A partir de ese momento Turión inicia su ruta hacia el oeste, hacia Estambul en busca de esa muchacha que es uno de los nombres de su destino. Y en Estambul, “una ciudad construida sobre sí misma por tres veces” (Bizancio y Constantinopla son las dos anteriores) “cambió su vida para siempre”. Allí Turión, el pescador de sombra, no encuentra a Eminé, la hija muda de Basir que “teje una alfombra de sombra y silencio para el sultán”, que la tiene presa hasta que termine su labor.
Desde entonces, Turión “supo que más allá de esta ciudad ya no había mundo” y emprende un nuevo viaje a Topkapi para encontrar y liberar al sultán perdido en la alfombra de sombra y silencio tejida por Eminé, con la que el hijo de las sombras emprende un viaje a Emirán, un lugar creado por la mágica palabra de seda de la tejedora de sueños, un remoto reino “prometido más allá del desierto.”
Se aprovisionan de esperanza y de cincuenta camellos para la travesía hacia el confín de los sueños:
La carga de aquellos cincuenta camellos bastaría para pagar los portazgos y manutención de todo el camino hasta que arribasen al confín de sus reinos. Treinta camellos de avituallamiento y veinte con serones repletos de cúrcuma y cilantro, mostaza, anís, canela y albahaca, almizcle, ámbar, terebinto, incienso, mirra y láudano. Cada cual con su cofrecillo especiero y su candado, sus llaves en un collar colgando del pecho de Eminé.
Y hasta ahí quiero y debo contar sobre su peripecia argumental, su torrente de aventuras y su intenso desenlace.
Sepa el lector que en la búsqueda de ese lugar recién fundado hacia el levante de los sueños por la potencia creadora de la palabra y el deseo, acompañará gozoso a los dos jóvenes amantes, que parecen llegados desde una novela bizantina o de un cuento mágico de Las mil y una noches.

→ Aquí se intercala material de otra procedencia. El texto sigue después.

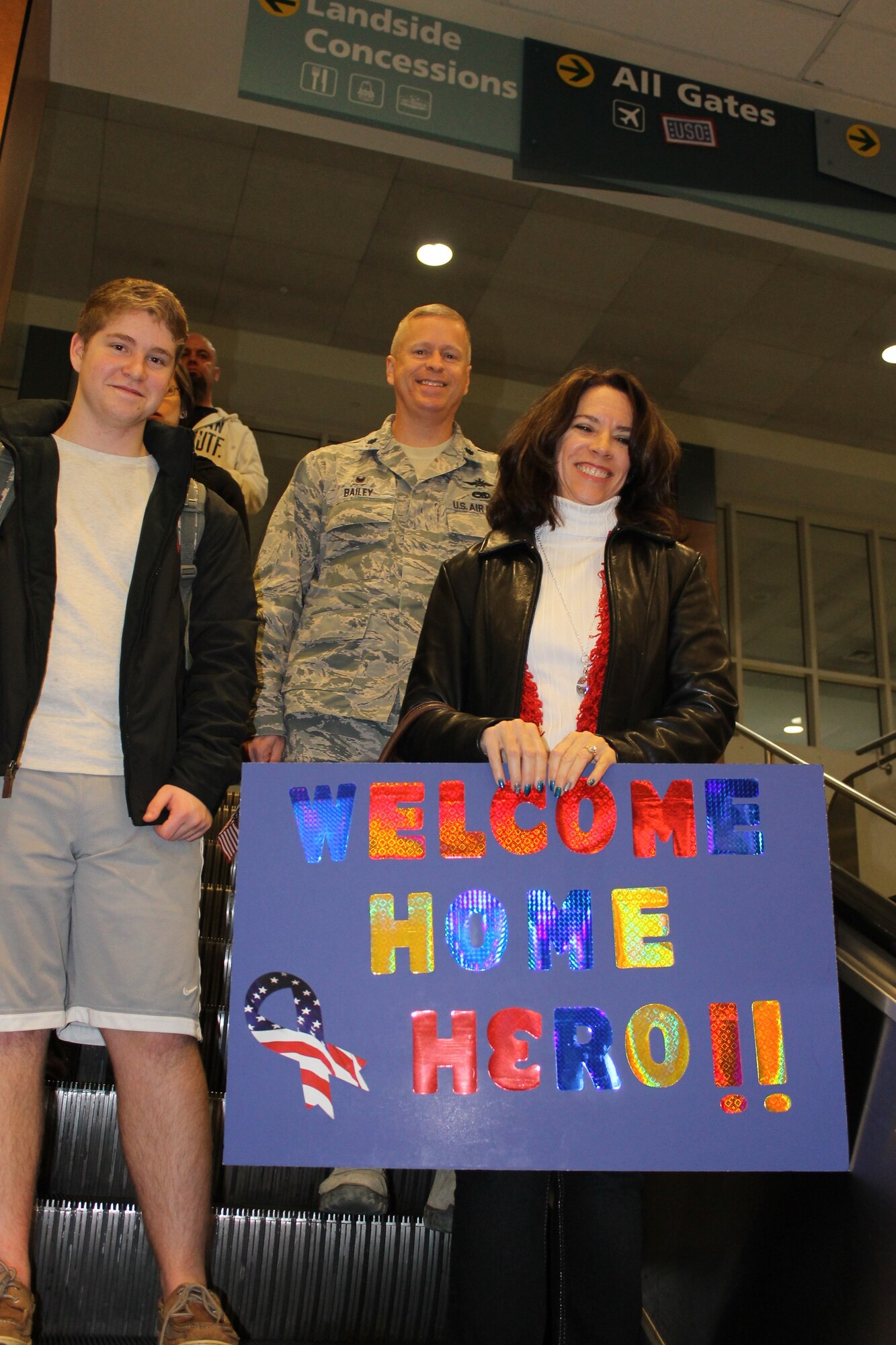 (The Kelley family welcomes then Lt. Col. Kelly Bailey home from deployment. Photo courtesy of Mrs. Lynne Bailey)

Entre asombros compartidos y diálogos sabrosos, dejarán a estribor el mar de Mármara y las islas de Adalar, atravesarán reinos errantes y exóticas ciudades fantásticas (Kartal, Cytia, Sila, Pontinia o Merla) como las que soñó Italo Calvino, otro de los referentes narrativos que alimentan la imaginación fabuladora de Ramírez Lozano, en la que conviven esclavos filólogos y camelleros de nombres eufónicos y sugerentes (Yasar, Carispeto, Chitián, Vital, Pitio o Norám), mirlos que arden en la noche como tizones, aguas fluviales que llevan palabras y borran los nombres de quienes se lavan en ellas y naranjos escaleras, Icasio el eremita y el satánico Artemón, que desorienta a los viajeros en el laberinto de su reino.
Imaginación potente encauzada en una prosa de admirable fluidez y empastada en un registro de altísima calidad, comparable a la de los maestros Perucho y Cunqueiro, que dijo una vez estas palabras memorables: “Lo más propio mío es sumar noticias que muestran lo vario que es el mundo, y lo ricamente, y con cuántas sorpresas, se puede almacenar la memoria humana. Yo, que no desconozco los grandes temas del siglo, y estoy atento a eso que llamamos la coyuntura histórica, y acepto la gran patética de mi tiempo y quiero ayudar en lo que me sea posible y aun bastante más, al hombre de estos días, tantas veces puesto en el filo de la navaja, no me dejo asustar por los profesionales de la angustia y busco en la gran peripecia humana, tantas veces mágica aventura, tantas veces sueños espléndidos y mitos trágicos, la razón a continuar.”